When I encounter the perfume-bathers, I do the same thing (mostly in elevators). “My god, what stinks? Jeez, who’s filtering Joe’s Bargain Scent through the showerhead? Wish I had remembered my gas mask.” Avoid eye contact with the offender, who will be boring holes into you with her eyes.

Another favorite of mine are the people who won’t let you exit a train. They’ll block the door, trying to push on. My informal survey indicates that Asian and Eastern European/Russian women do this mostly. Again, I’m a big guy, and I’m going to get off the train before you get on. I square my shoulders and exit, and I will force you to move for me.

Ah, public transportation…nothing else like it!

Pair Of Morons, Number Too Many To Count: Side-by-side, or fast-moving. PICK ONE.

Whilst riding the escalator: Walk left. Stand right.

It’s not that hard people! They even have little signs every ten or twenty feet along the escalator handrail to remind you of those simple principles. Evidently, those people are illiterate.

To the OP: Don’t get a car. At least with mass transit the morons are usually just nuisances. When people commute by car there’s a chance the moronic behavior of others can kill or injure you, or at least hold you up for 20 extra minutes because they’ve never seen someone changing a flat before.

In South Korea, the escalators have a neat little yellow line painted down the middle of the escalator steps to divide the fast lane (left side) from the standing lane (right side).
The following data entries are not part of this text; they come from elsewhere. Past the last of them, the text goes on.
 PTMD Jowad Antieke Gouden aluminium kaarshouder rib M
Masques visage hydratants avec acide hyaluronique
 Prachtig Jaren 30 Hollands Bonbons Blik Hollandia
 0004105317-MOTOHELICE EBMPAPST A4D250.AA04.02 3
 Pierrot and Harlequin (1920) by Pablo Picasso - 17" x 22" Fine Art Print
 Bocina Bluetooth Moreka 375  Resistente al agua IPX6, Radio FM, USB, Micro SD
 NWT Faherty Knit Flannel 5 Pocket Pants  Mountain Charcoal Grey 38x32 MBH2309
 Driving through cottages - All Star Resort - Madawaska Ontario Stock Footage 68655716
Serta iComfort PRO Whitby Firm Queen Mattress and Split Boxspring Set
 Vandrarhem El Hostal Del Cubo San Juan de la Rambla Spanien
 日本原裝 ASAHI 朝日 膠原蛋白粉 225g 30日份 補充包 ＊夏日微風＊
Preach it. I’ve gotten to the point where my main reason for wanting to leave NYC is the mass transit. How about when I’m standing there at 8:15 in the morning, tired, barely hanging on, and someone gets up from her seat about two minutes before we get to the next stop…and just stands there in front of it instad of offering it to any number of passengers who have a long rid and want to sit down? Why would anyone voluntarily get up out of her seat long before the train’s about to stop anyway? Being the first one off the car doesn’t give you more than a two-second advantage, if that…

And buses are SO MUCH WORSE. The pattern of riding buses around here is to stand as close to the front as possible so that each new rider has to squeeze past your giant ass to get to the huge empty space that is the back half of the train. And what does each new rider do? Stand as close to the front as possible. Repeat until the bus is so full that all new riders just squeeze past half the riders to stand somewhere in the middle with their crotches pressing against me.
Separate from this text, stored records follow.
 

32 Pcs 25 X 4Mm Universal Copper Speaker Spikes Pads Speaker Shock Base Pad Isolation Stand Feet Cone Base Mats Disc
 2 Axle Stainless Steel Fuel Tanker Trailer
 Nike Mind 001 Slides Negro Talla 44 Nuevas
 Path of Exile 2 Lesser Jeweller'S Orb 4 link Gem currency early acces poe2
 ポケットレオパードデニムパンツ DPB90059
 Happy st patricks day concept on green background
I swear, one of these days I’m going to have a claustrophobic panic attack. I’m already more germophobic than I used to be, and I blame the gross things I’ve seen and experienced on NYC mass transit.

I only ride the DC metro like twice a year, but even I know that you cannot afford to wait politely for people to get off the train before you get on, or vice versa. There’s a very small window of opportunity, and when those doors close, they close . I’ve always understood it to be an accepted part of metro “culture” that you push your way on, and push your way off. It’s just how it’s done.
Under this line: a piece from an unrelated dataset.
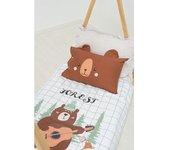 Funda Nórdica Infantil Oso Bosque - Cama 70x160 (120x180)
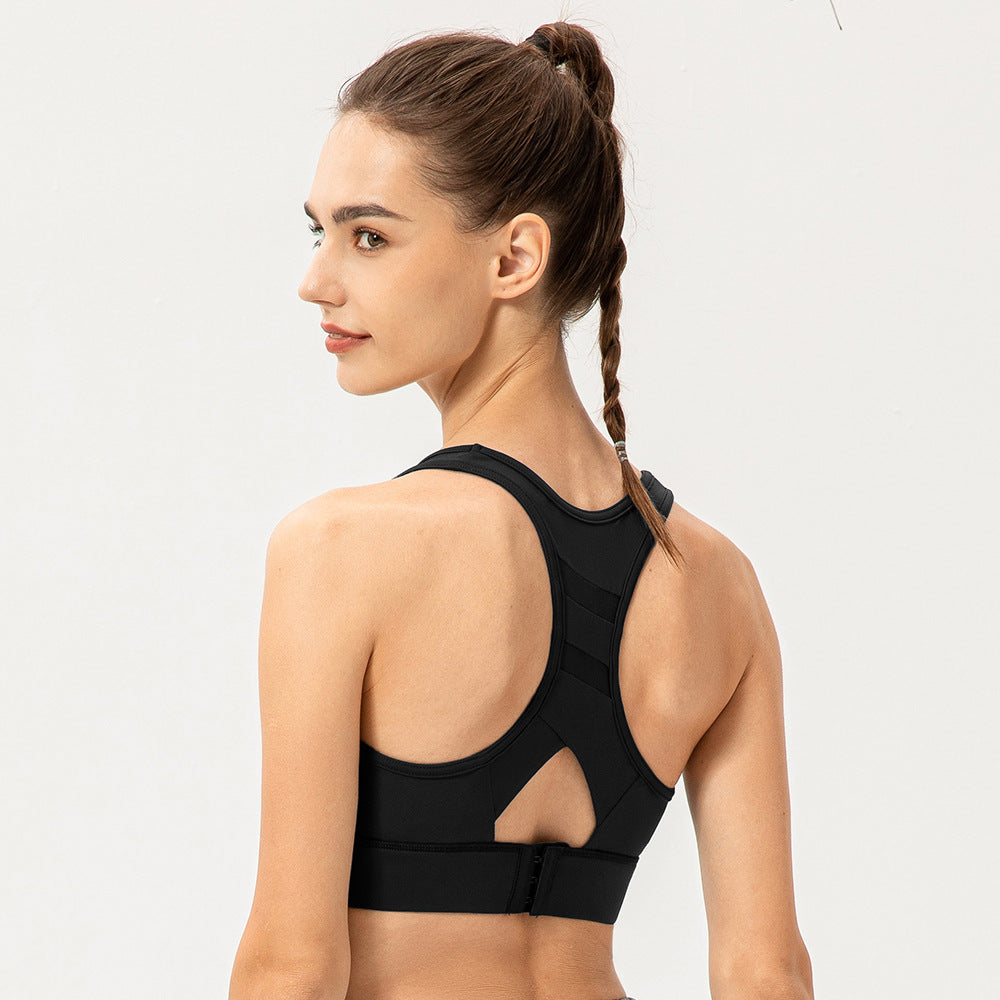 High Support Striped & Mesh Sports Bra (Standard & Plus Sizes)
What I hate is that here in LA, the MTA actually removed the signs that once spelled that concept out so clearly. All it takes is one person standing on the left side to screw things up, and it inevitably will happen even when that individual can clearly see that everyone else is standing to the right.

I had some lady yell at me the other day when I was the second or third person to push past her since she was standing dead in the middle. “Oh, I’m sorry – I thought this was an escalator, not a raceway!” I didn’t even turn around. :rolleyes:

I’ve complained to the MTA about making this clearer, but they don’t seem to think it’s important and/or enforceable. sigh

Hmm, well that isn’t how it is done in Montreal (which is where both the OP and I are writing from). I take have taken the metro regularly my whole life, and I have never had the doors close before I could get on unless I was making a run for it and no one else was on the platform. Maybe in DC the door-opening system is automated, whereas it isn’t here?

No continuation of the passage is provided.